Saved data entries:
-----
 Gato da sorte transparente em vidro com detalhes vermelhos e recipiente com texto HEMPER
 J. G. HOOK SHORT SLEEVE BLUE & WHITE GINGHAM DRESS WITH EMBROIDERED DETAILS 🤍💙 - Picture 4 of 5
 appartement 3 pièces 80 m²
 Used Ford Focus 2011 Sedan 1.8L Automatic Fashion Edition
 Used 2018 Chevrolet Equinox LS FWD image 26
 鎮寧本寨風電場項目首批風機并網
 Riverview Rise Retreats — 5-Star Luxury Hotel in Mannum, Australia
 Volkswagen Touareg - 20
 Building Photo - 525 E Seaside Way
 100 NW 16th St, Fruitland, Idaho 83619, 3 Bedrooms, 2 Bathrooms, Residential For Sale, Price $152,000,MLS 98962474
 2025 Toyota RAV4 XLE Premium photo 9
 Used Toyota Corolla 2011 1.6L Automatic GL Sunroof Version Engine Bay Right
-----
- Task details -
Above are the entries. Quote exactly the lines from the one bearing "鎮寧本寨風電場項目首批風機并網" through the one bearing "100 NW 16th".

- Task solution -
 鎮寧本寨風電場項目首批風機并網
 Riverview Rise Retreats — 5-Star Luxury Hotel in Mannum, Australia
 Volkswagen Touareg - 20
 Building Photo - 525 E Seaside Way
 100 NW 16th St, Fruitland, Idaho 83619, 3 Bedrooms, 2 Bathrooms, Residential For Sale, Price $152,000,MLS 98962474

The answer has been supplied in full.